Ericka and 60 schoolmates from Kester Avenue Elementary School in Van Nuys were the first students to visit the new Caravelle Aviation Classroom, a restored French-built plane at the Van Nuys Airport that is being used to teach children about flying.
Airport personnel conduct tours and mini-classes in the plane, which opened last week. Offered only to schools, each tour includes a 13-minute video and a trip to the cockpit.
“I thought it would be boring,” said Ericka, a tall, shy 12-year-old with long dark hair. “I want to be a pilot.”
In the 1960s, the red, white and blue Caravelle jet was a busy United Airlines passenger plane.
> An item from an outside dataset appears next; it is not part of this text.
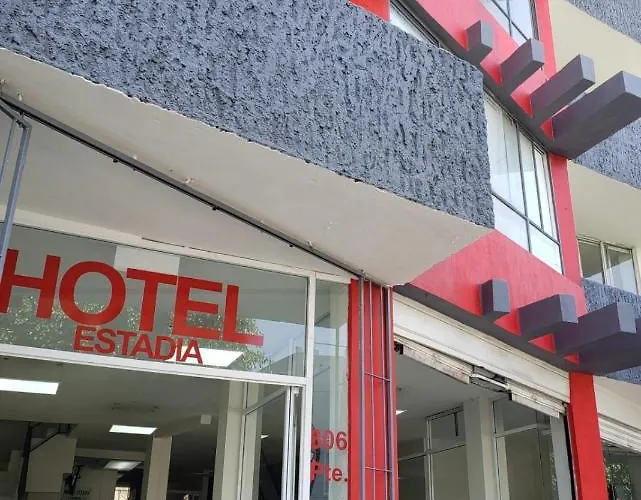 Hotel Estadía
But for the past eight years it lay abandoned, its tires flat, on the east ramp of Van Nuys Airport, accumulating a whopping $22,000 in parking tickets.
Then, Ed and Barbara Cesar came along and saw a future for it.
“I used to teach kids how to fly airplanes,” said Ed Cesar, whose company, Syncro Aircraft Interiors, remodels the insides of airplanes. “What I wanted to do is have some classroom associated with flying and show them how a cockpit works.”
The Cesars spent three weeks and $20,000 restoring the craft, which had last been used as a corporate jet in the 1980s.
The engines were removed, comfortable cotton/polyester seats two to an aisle were refurbished and television monitors were installed. Airport tower chatter could once again be heard on the cockpit radio.
To the children, it would not have been more real if they were served peanuts.
Ericka and her classmates scrambled for seats and buckled their safety belts. “Captain” Robert Jackson, a flight instructor and part-time guide at the airport, took hold of their imaginations with his microphone.
“Welcome aboard. This is your captain speaking,” Jackson told his hushed passengers. “We are passing over Geneva, Switzerland, inbound for Paris.”
But it was cockpit that gave the students the closest feeling to actual flight. Jackson crammed several eager children at a time into the two-person cockpit, fielding questions that came quicker than flak from an antiaircraft gun.
“How does a pilot learn what to push at what time?” asked 10-year-old Liliana Limon, her eyes staring at the dozens of gauges, dials, buttons and other instruments. At the end of the 30-minute presentation, the children checked out other aircraft, including a World War II-era B-25 bomber.
“It’s better than school,” Ericka said. “There’s more learning.”
The Cesars hope that Ericka and her classmates’ experience was the first in a regular series of flights of fancy.
“It’s something magical to give to a child,” Barbara Cesar said. “The dream of flight.”